Google announced it is implementing 110 new languages into Google Translate, the technology’s translation tool, as its “largest expansion ever,” which includes Portuguese from Portugal.
By 2022, Google has added 24 new languages using “zero shot” machine translation, where a machine learning model learns to translate into another language without ever seeing an example, and announced the “1,000 Languages Initiative,” a commitment to building AI models. [inteligência artificial] Which will support more than 1,000 spoken languages in the world,” Google says.
“Now, we’re using AI to expand the range of supported languages” and “thanks to the amazing language model PaLM 2, we’re starting to roll out 110 new languages to Google Translate, our biggest expansion ever,” including Portuguese from Portugal,” he says in a post. on the Internet.
In other words, Google Translate will now differentiate between Portuguese variants (Portugal vs. Brazil).
“From Cantonese to Kekchi, these new languages are represented by more than 614 million speakers, allowing translation for about 8% of the world’s population,” Google says.
About a quarter of the new languages, he adds, “are of African origin and represent our largest expansion of African languages to date, including Fon, Kikongo, Luo, Ga, Swati, Venda and Wolof.”
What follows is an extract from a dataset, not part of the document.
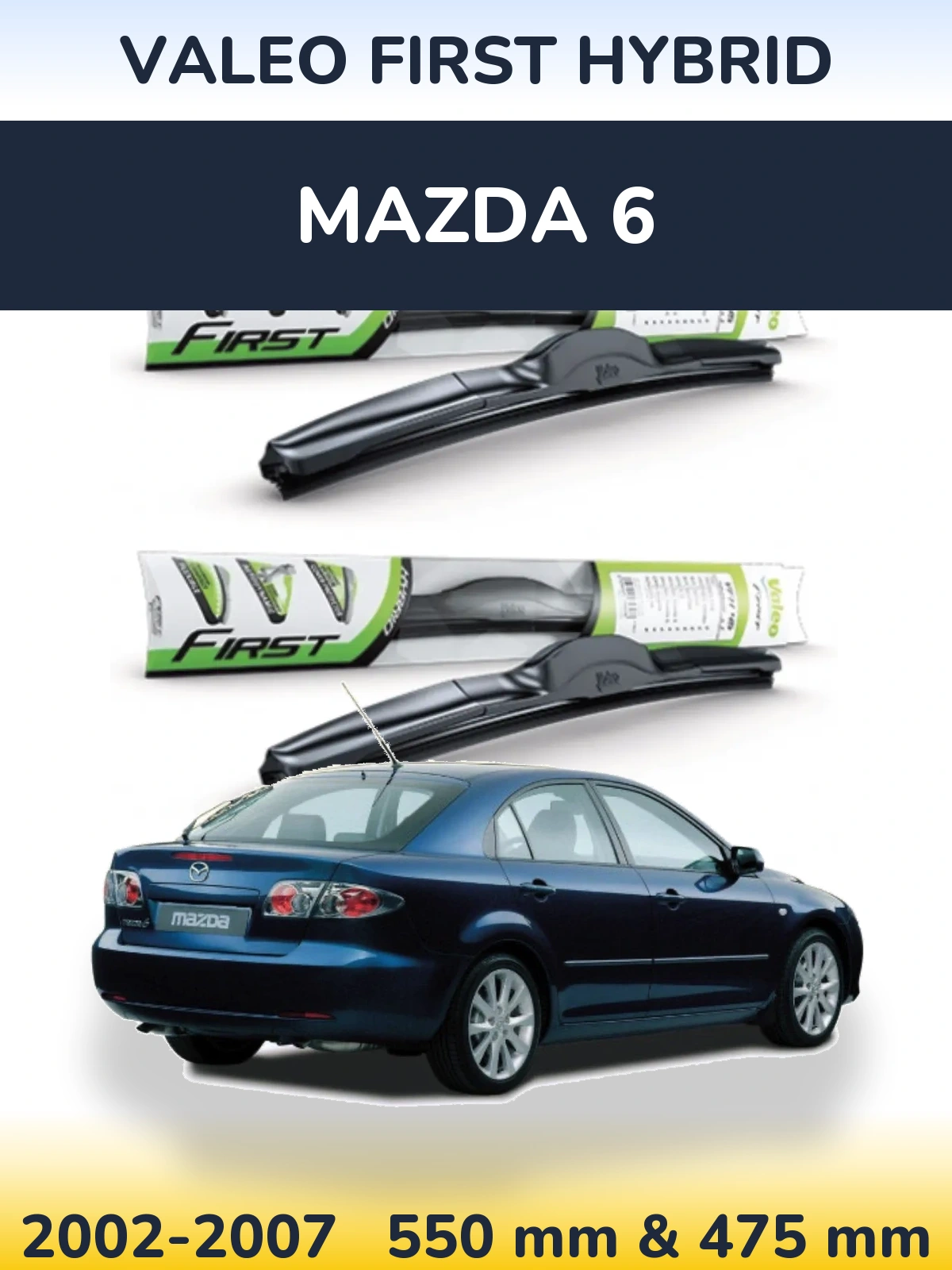 Komplet przednich wycieraczek Valeo First Hybrid 550 & 475 mm do Mazda 6 2002-2007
Among the languages now supported by Google Translate is Afar, a tonal language spoken in Djibouti, Eritrea, and Ethiopia. “Among all the languages in this launch, Afar received the largest number of volunteer contributions from the community,” he highlights.
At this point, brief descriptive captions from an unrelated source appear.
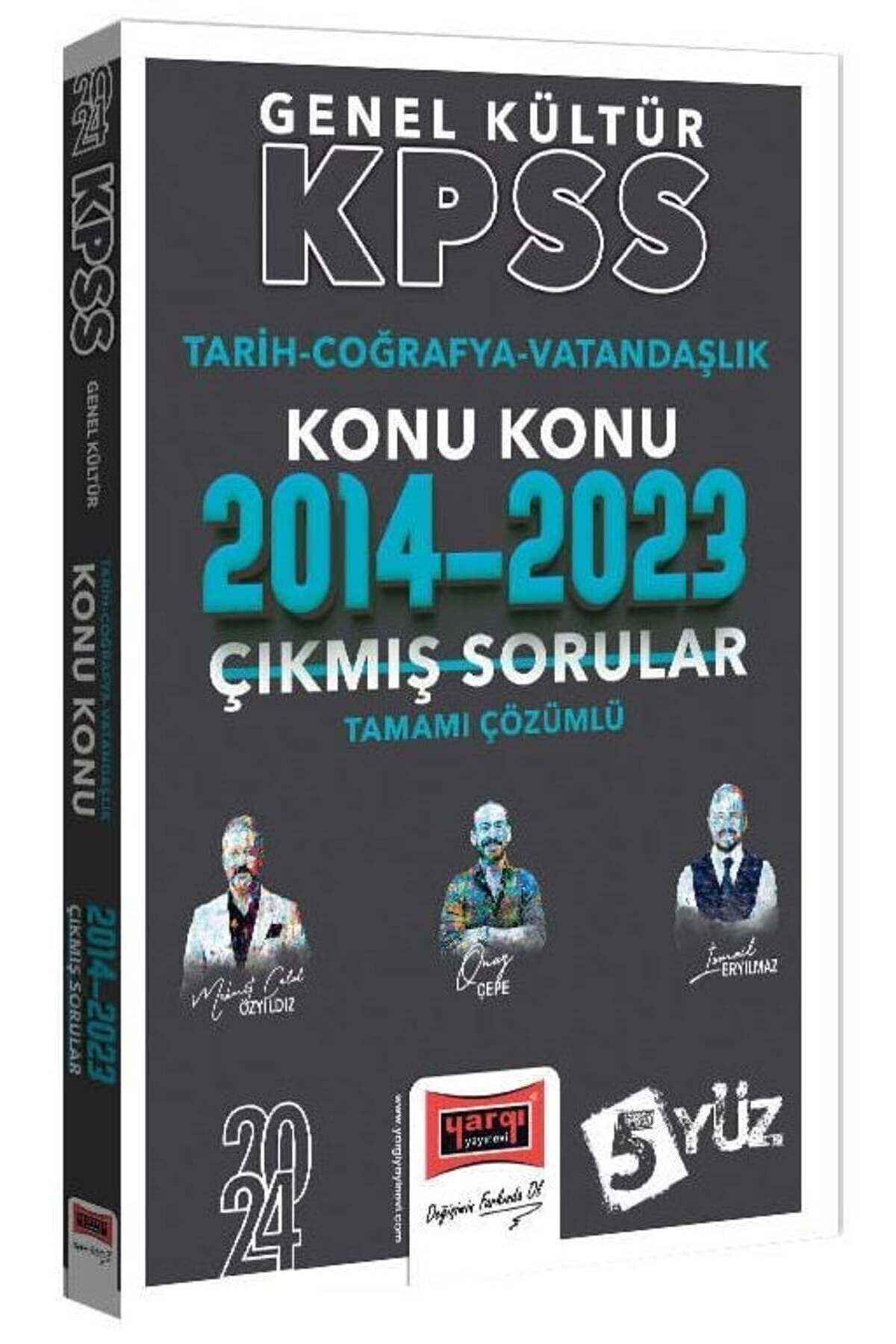 Yargı 2024 Kpss Tarih-coğrafya-vatandaşlık 5yüz Çıkmış Sorular 2014-2023 Konu Konu Çözümlü Yargı Yay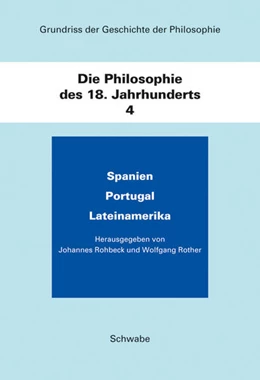 Abbildung von Rohbeck / Rother | Grundriss der Geschichte der Philosophie / Die Philosophie des 18. Jahrhunderts | 1. Auflage | 2016 | beck-shop.de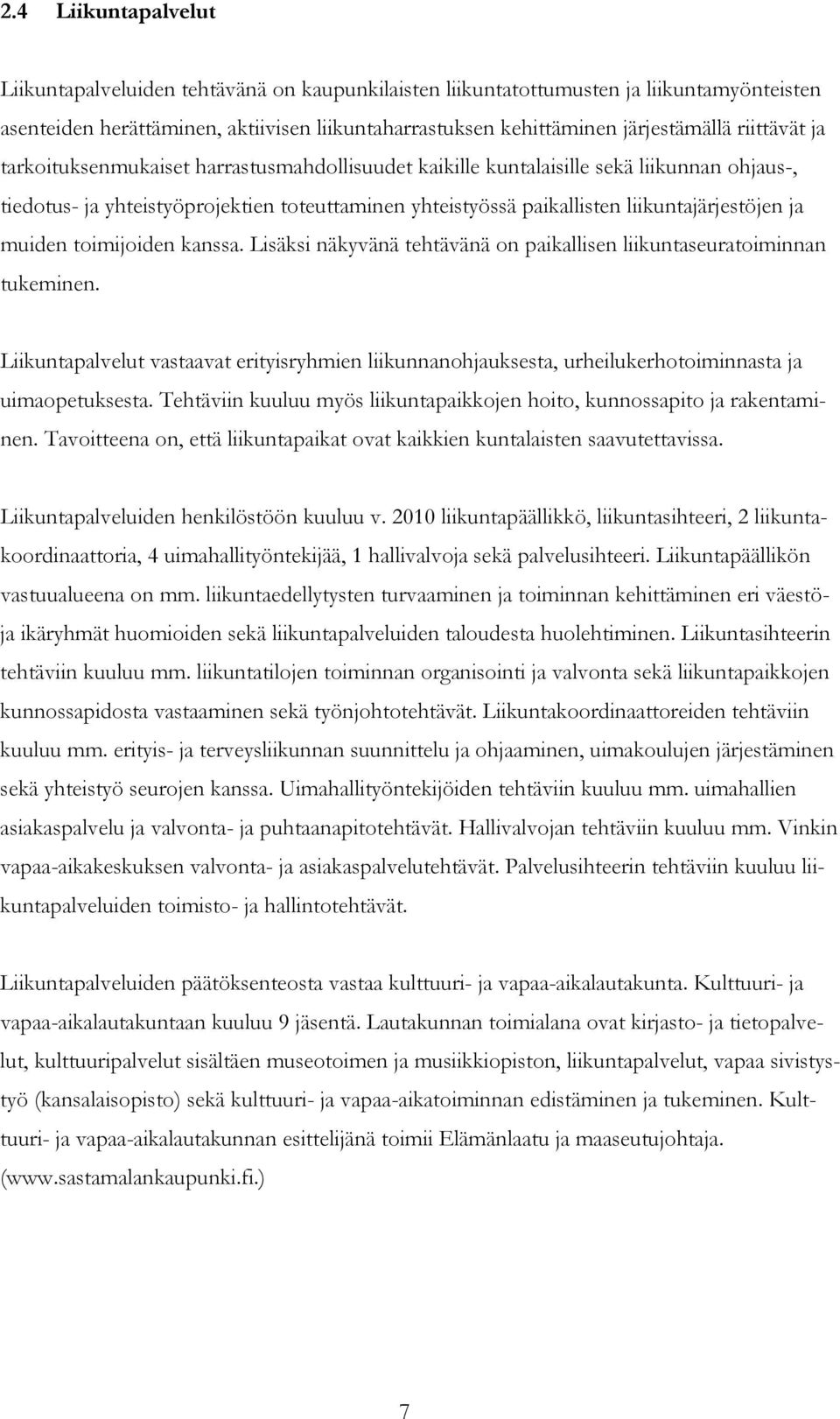 ja muiden toimijoiden kanssa. Lisäksi näkyvänä tehtävänä on paikallisen liikuntaseuratoiminnan tukeminen.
Then there’s Cantonese, which has long been “one of the most requested languages on Google Translate.”
Other examples include Manx, the Celtic language of the Isle of Man, which was nearly extinct when its last native speaker died in 1974, but “thanks to an island-wide revival movement, there are now thousands of speakers”, and Nkw. , a standardized form of the Manding language of West Africa that unites several dialects into a common language.
“Its unique alphabet was invented in 1949 and has an active research community today developing the resources and technology for it,” Google says in its post.
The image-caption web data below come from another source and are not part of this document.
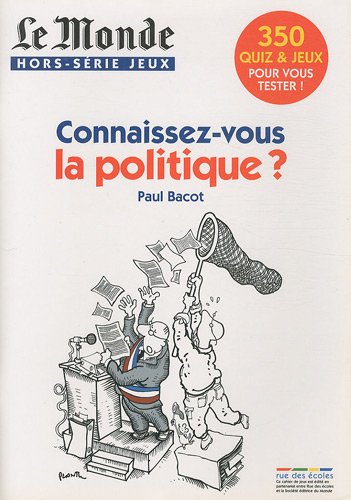 Connaissez-vous la politique ?: 350 quiz et jeux pour vous tester ! book
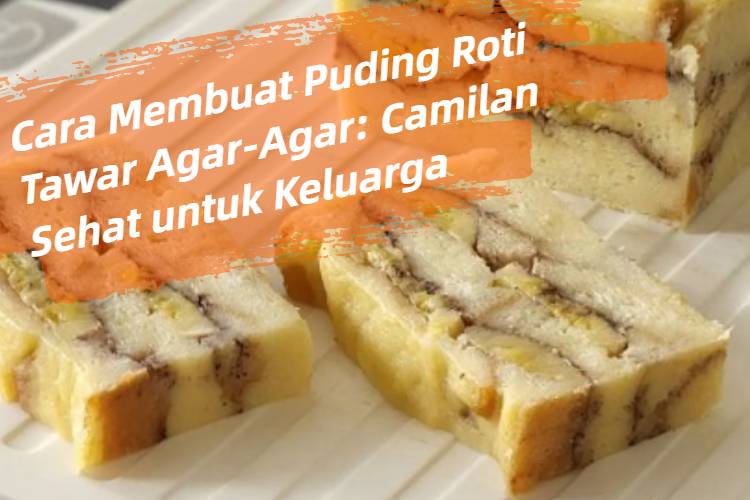 Cara Membuat Puding Roti Tawar Agar-Agar_ Camilan Sehat untuk Keluarga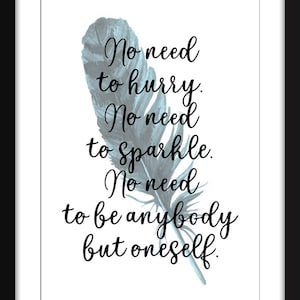 No Need to Hurry, No Need to Sparkle - Unframed Virginia Woolf Quote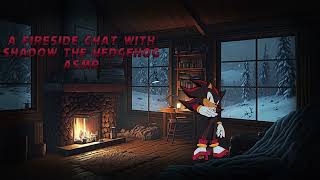 A Fireside Chat With Shadow the Hedgehog ASMR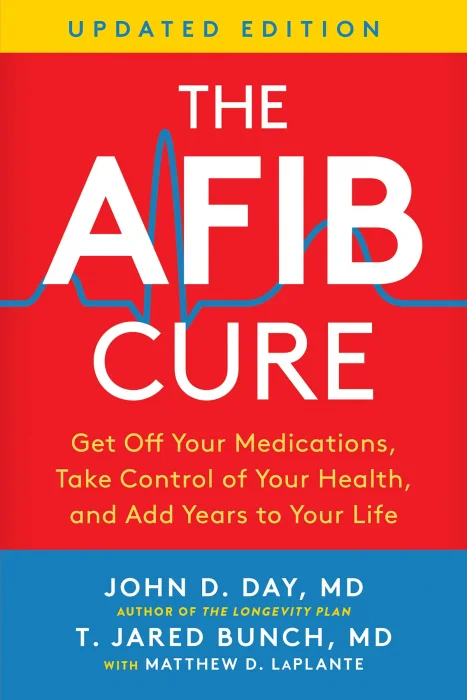 The AFib Cure: Get Off Your Medications&#44; Take Control of Your Health&#44; and Add Years to Your Life&#44; Updated Edition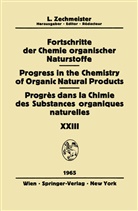 Fortschritte der Chemie Organischer Naturstoffe / Progress in the Chemistry of Organic Natural Products / Progrès dans la Chimie des Substances Organiques Naturelles. Bd.23
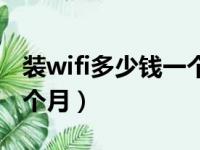 装wifi多少钱一个月流量（装wifi要多少钱一个月）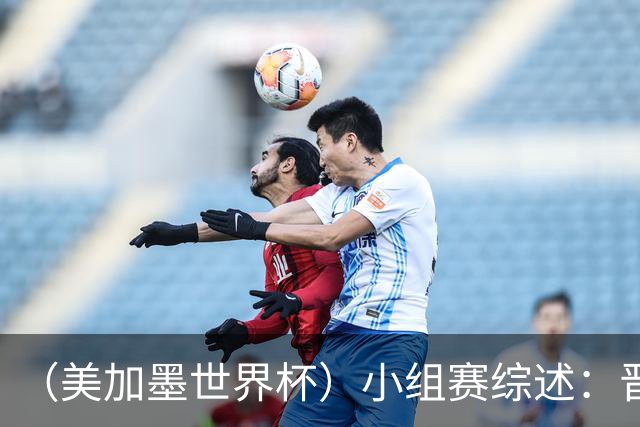 （美加墨世界杯）小组赛综述：晋级悬念留至最后一刻 亚洲军团后劲不足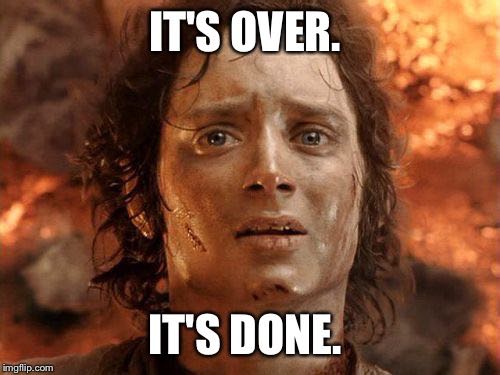 its over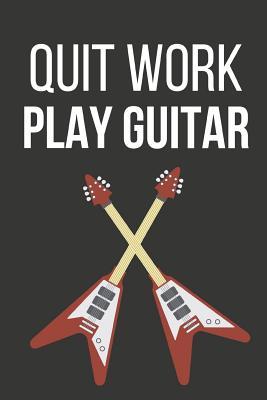 Read Online Quit Work Play Guitar: Novelty Funny Guitar Gifts for Him, Her, Brother, Sister, Dad: Lined Paperback Notebook / Journal / Diary to Write in - Guitar King Publishers | PDF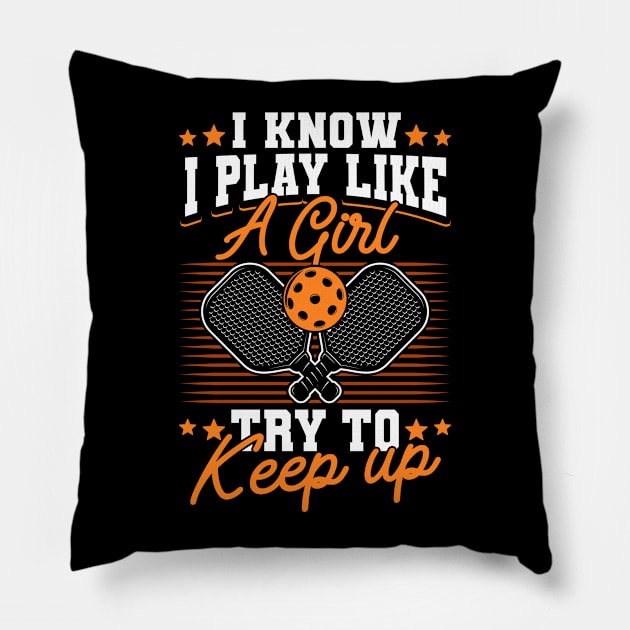 Pickleball Tournament I Know I Play Like A Girl Try To Keep Up Pillow by Caskara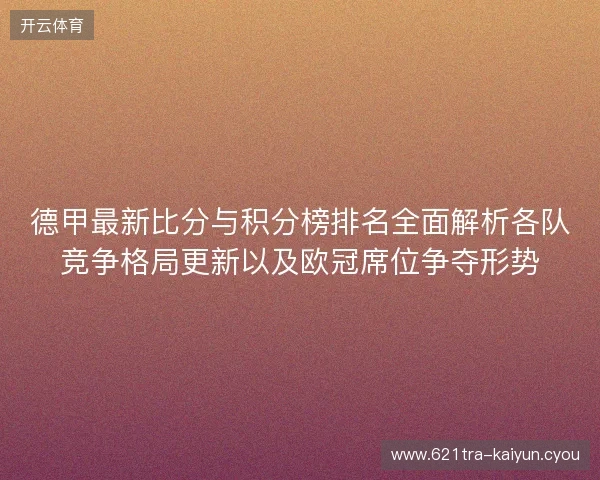 德甲最新比分与积分榜排名全面解析各队竞争格局更新以及欧冠席位争夺形势 德甲最新比分与积分榜排名全面解析各队竞争格局更新以及欧冠席位争夺形势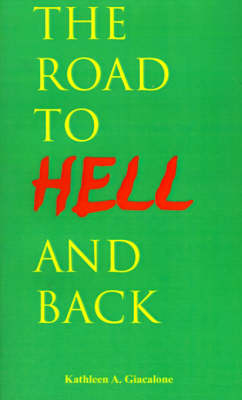 The Road to Hell and Back - Kathleen A Giacalone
There is also Punjabi (Shahmukhi), a variety of Punjabi written in the Persian-Arabic script (Shahmukhi) that is the most widely spoken language in Pakistan, Amazigh, a Berber language spoken in North Africa, and Tok Pisin, a “Creole language of English origin”. The lingua franca of Papua New Guinea.
Languages ”have enormous diversity: regional variations, dialects, and different spelling patterns”, and in fact, “many languages do not have a uniform format, so it is impossible to choose the ‘correct’ variety”.
“But our approach was to prioritize the most commonly used varieties in each language,” he adds.
“PaLM 2 was a key piece in this puzzle, helping the translator learn languages that are closely related to each other more efficiently, including languages close to Hindi, such as Awadhi and Marwadi, and French creoles, such as Seychelles Creole and Mauritian Creole,” he explains.
As technology evolves, “we continue to partner with expert linguists and native speakers, and over time, we will support more language variations and spelling conventions.”